Ungewollte “Erscheinungen“

Grund für das Auftreten von ­Körper- oder Fingerabdrücke, Abdrücke von Etiketten und Saugern oder Streifen von Silikonspuren etc., ist die unterschiedliche Benetzungsfähigkeit verschiedener Substrate. Betrachtet man eine Glasscheibe unter dem Mikroskop, stellt man fest, dass die Oberfläche nicht glatt ist. Dies ist auch der Grund, warum Verschmutzungen an den Glasoberfläche haften bleiben.
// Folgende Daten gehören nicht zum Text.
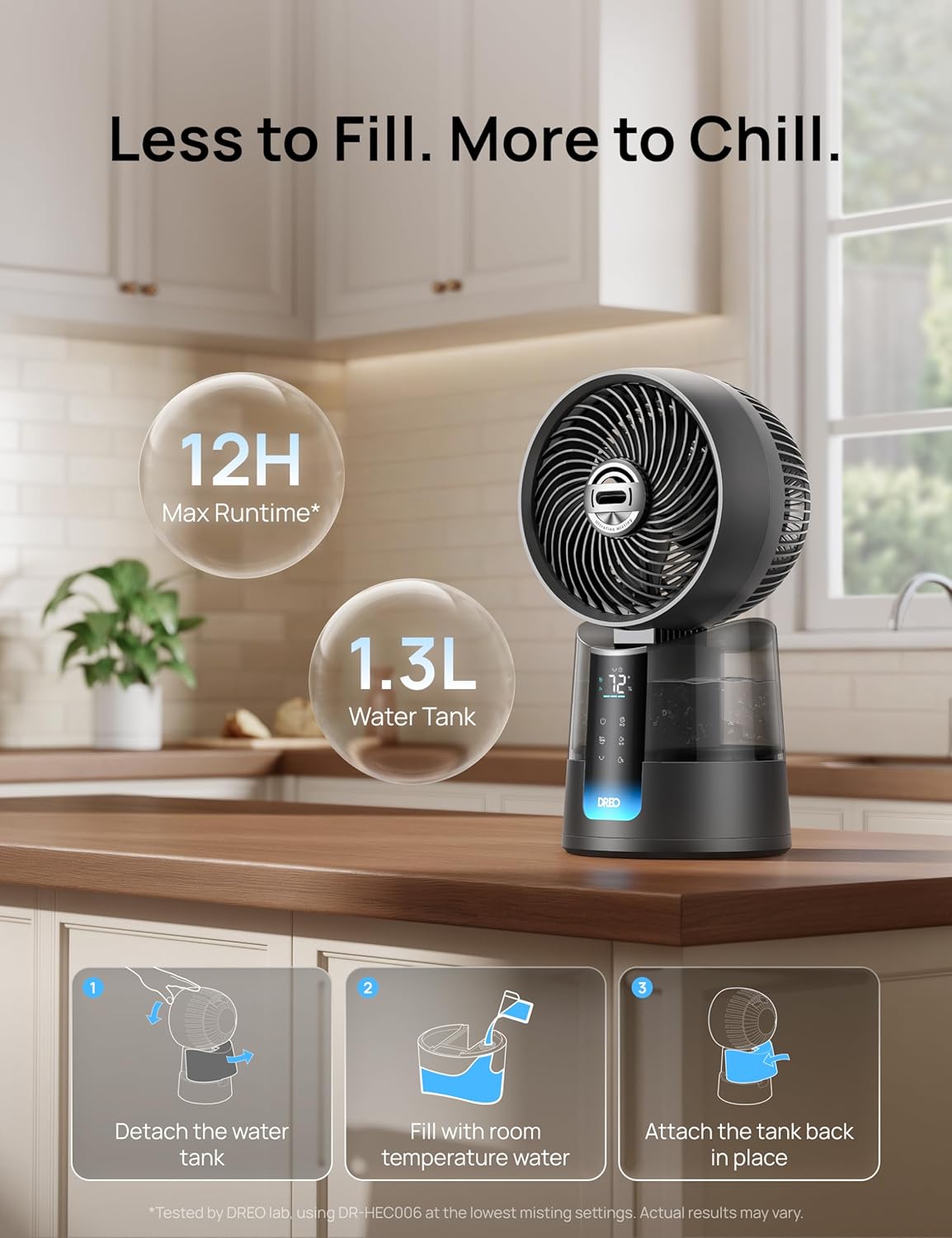 DREO TurboCool Misting Fan 516, 5℉ Drop Cooling Fans that Blow Cold Air, 150°+30° Omni-directional Oscillating, Evaporative air cooler, 26 ft/s Wind, Ultrafine Mist, 20dB Quiet, 6 Speeds 2 Modes, Grey - Image 5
Aber wie kommt es überhaupt zur Verschmutzung, die sich bei einer kondensierten Glasoberfläche von den übrigen Flächen abzeichnet?
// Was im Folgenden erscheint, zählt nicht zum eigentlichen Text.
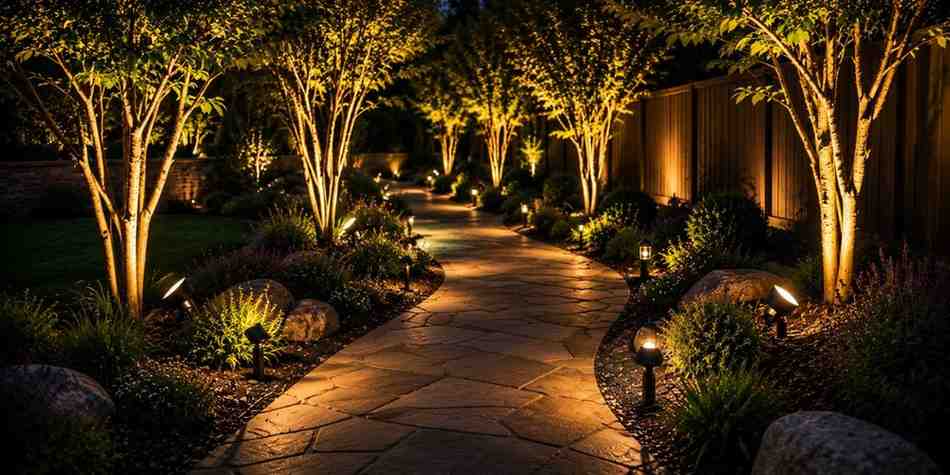 solar-spotlights-aimed-up-into-trees-along-the-path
Um Schäden auf der Oberfläche von Basisglas beim Transport zum Verarbeiter zu vermeiden, werden Trennmittel auf die Scheiben aufgebracht oder beim Zuschnitt ist technisch bedingt die Zugabe von Schneidöl erforderlich, was ebenfalls die Gläser verunreinigt.
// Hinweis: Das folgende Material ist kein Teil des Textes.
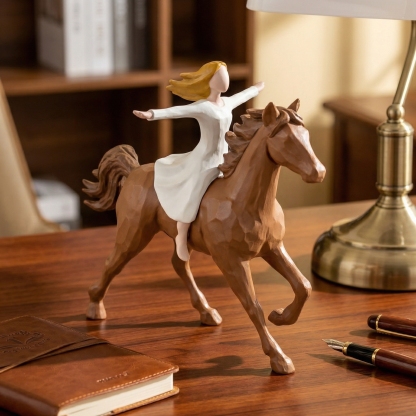 Handmade Resin Girl Riding Horse Figurine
Um eine optisch einwandfreie (Isolierglas-) Scheibe zu erhalten, müssen diese Hilfsmittel bzw. ihre Rückstände durch Reinigung der Gläser vor dem Zusammenbau zu Isolierglas vollständig entfernt werden. Dies erfolgt in speziellen Waschmaschinen mit mehreren Waschstufen mittels oszillierenden und rotierenden Bürsten unter Verwendung von demineralisiertem Wasser. Normales Leitungswasser würde Rückstände auf dem Glas hinterlassen und zudem die empfindlichen Funktionsschichten chemisch angreifen.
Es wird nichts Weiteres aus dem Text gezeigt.